PROMPT:
Using the records below, reproduce exactly the lines from the one containing "Thank you. If" through the end, and nothing more; skip the images.

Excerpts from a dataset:
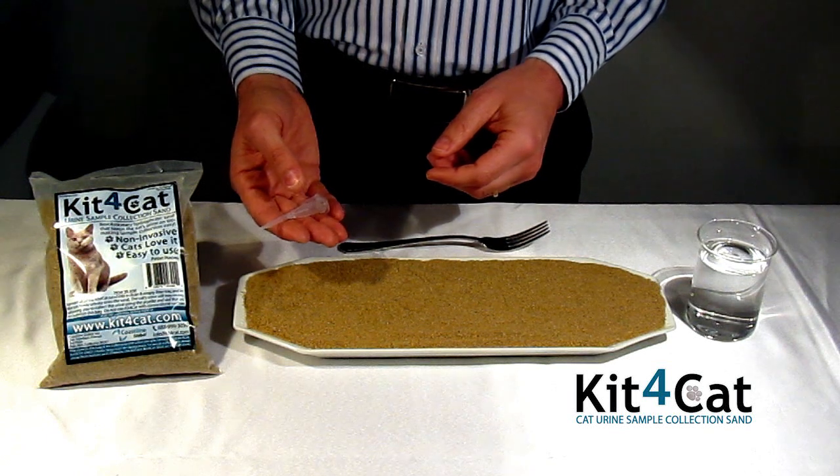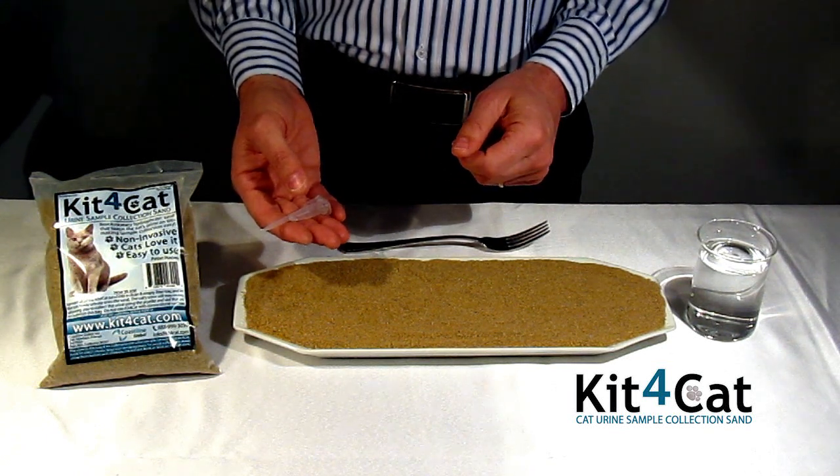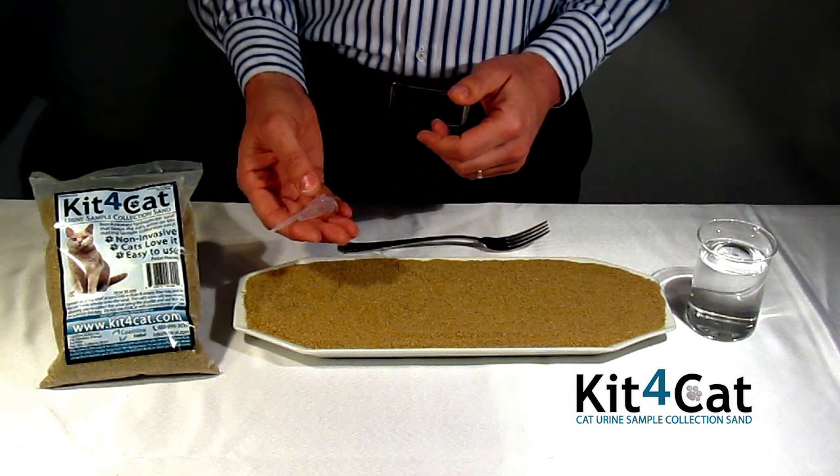We would like to introduce to you Kit4Cat, a new revolutionary non-invasive method for collecting cat urine samples. It is made of natural sand which has special hydrophobic properties.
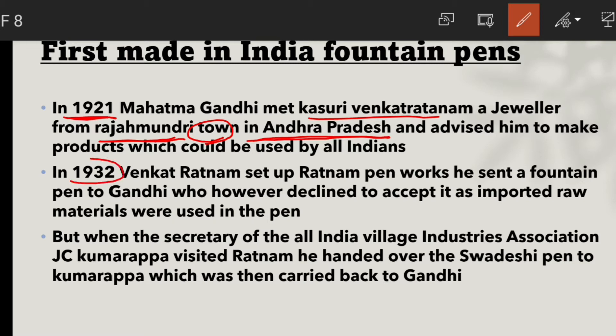In 1932, Venkat Ratnam Ji established a company called Ratnam Pen Works and presented a fountain pen to Gandhiji.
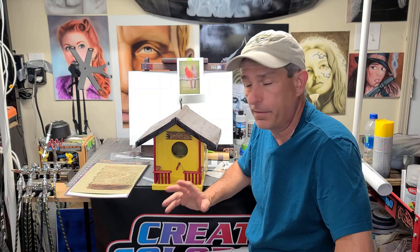Hi, I'm Dan and welcome to the Airbrush Garage. If you're new here, welcome. If you're returning, thanks for coming back. Today, I'm going to show you how to airbrush a real simple wood effect.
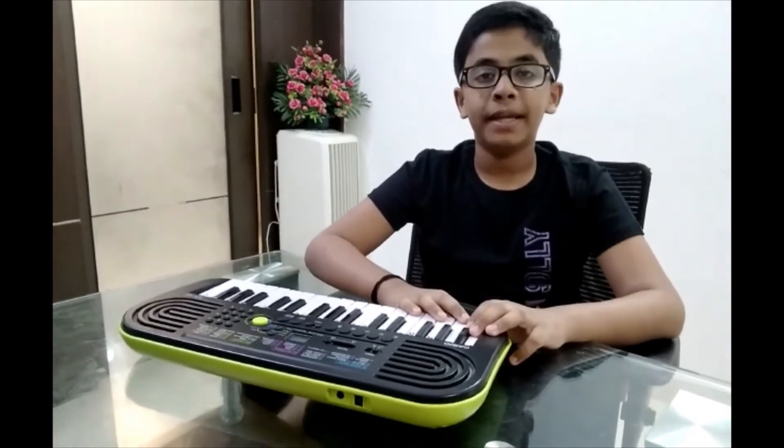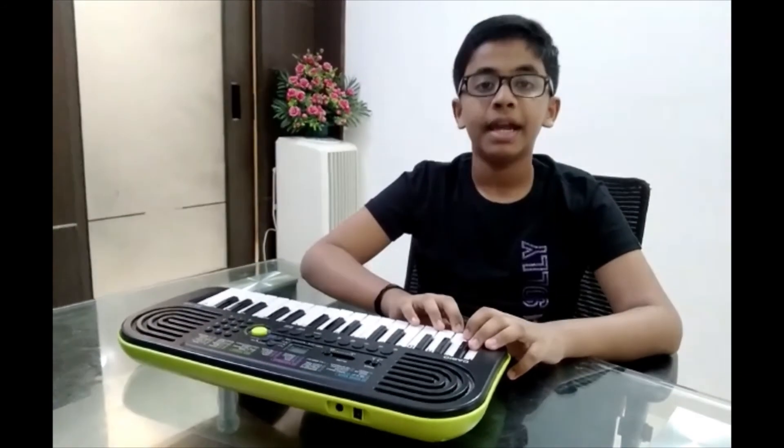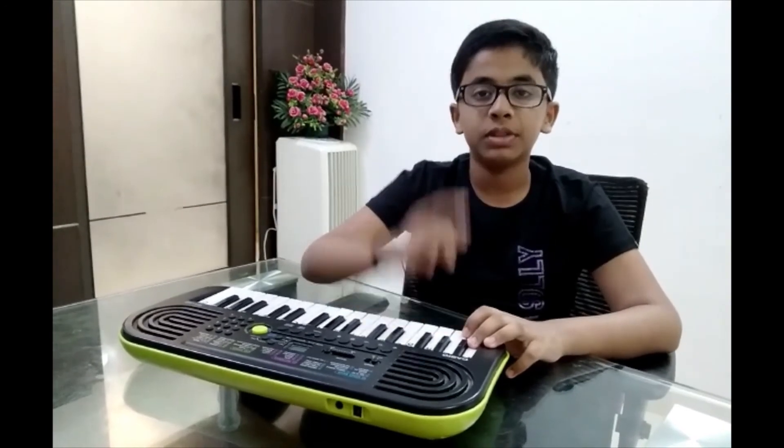Thank you. If you like the video, please like, share and subscribe. PBBros signing out.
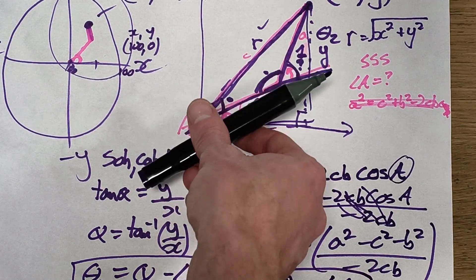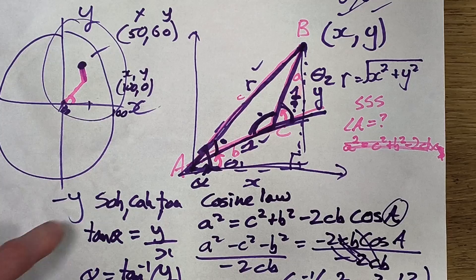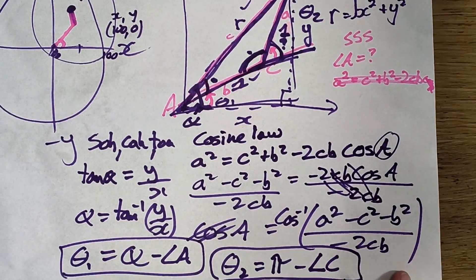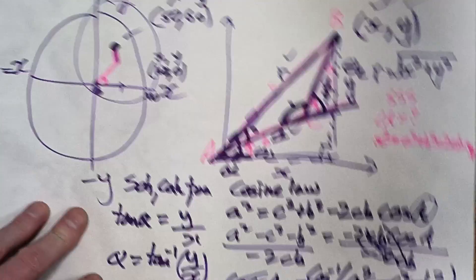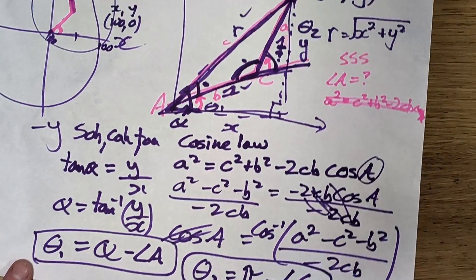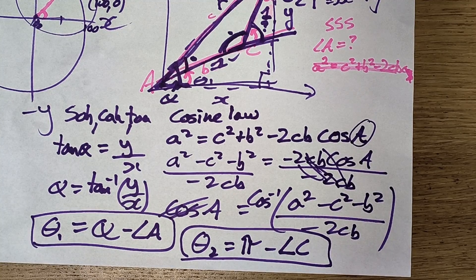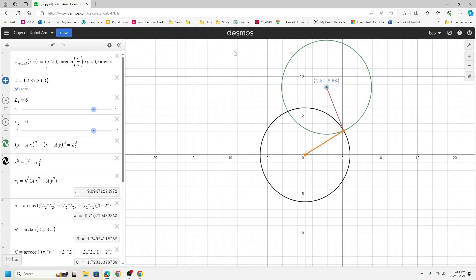That's the basic math for the SCARA robot configuration. It's not too difficult — just the cosine law and right-angle triangle sine/cosine/tan. It is not a linear system like other designs, because you're dealing with circular motion, angles, and radians.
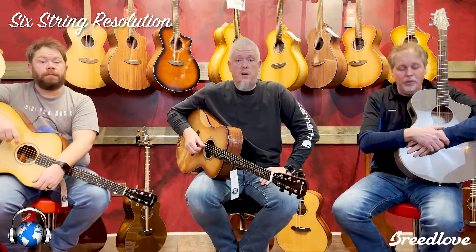New Year's resolution to learn how to play guitar, or if you are playing guitar, learn how to get better at it, which we can help you do. I need help with that. We know.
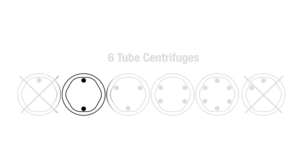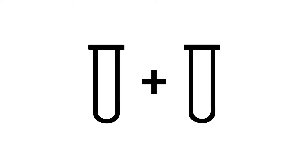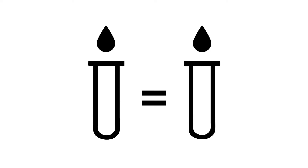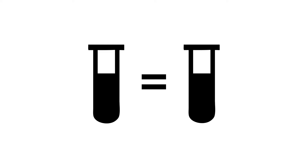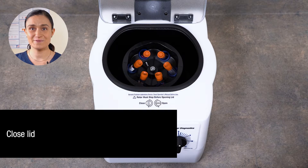So if we're loading two tubes, just put them across from each other. If it's three, make a triangle; four, a square, and so on. If you're spinning an odd number of tubes, you'll need a counterbalance tube. This should be an identical tube filled with an equivalent volume of water from the tube across from it. The counterbalance should be roughly the same weight as your filled tube. With your tube holders in place and your samples loaded and balanced, you're ready to spin.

SOLUTION FOR THIS PROBLEM:
Thank you. If you like the video, please like, share and subscribe. PBBros signing out.
That's the basic math for the SCARA robot configuration. It's not too difficult — just the cosine law and right-angle triangle sine/cosine/tan. It is not a linear system like other designs, because you're dealing with circular motion, angles, and radians.
New Year's resolution to learn how to play guitar, or if you are playing guitar, learn how to get better at it, which we can help you do. I need help with that. We know.
So if we're loading two tubes, just put them across from each other. If it's three, make a triangle; four, a square, and so on. If you're spinning an odd number of tubes, you'll need a counterbalance tube. This should be an identical tube filled with an equivalent volume of water from the tube across from it. The counterbalance should be roughly the same weight as your filled tube. With your tube holders in place and your samples loaded and balanced, you're ready to spin.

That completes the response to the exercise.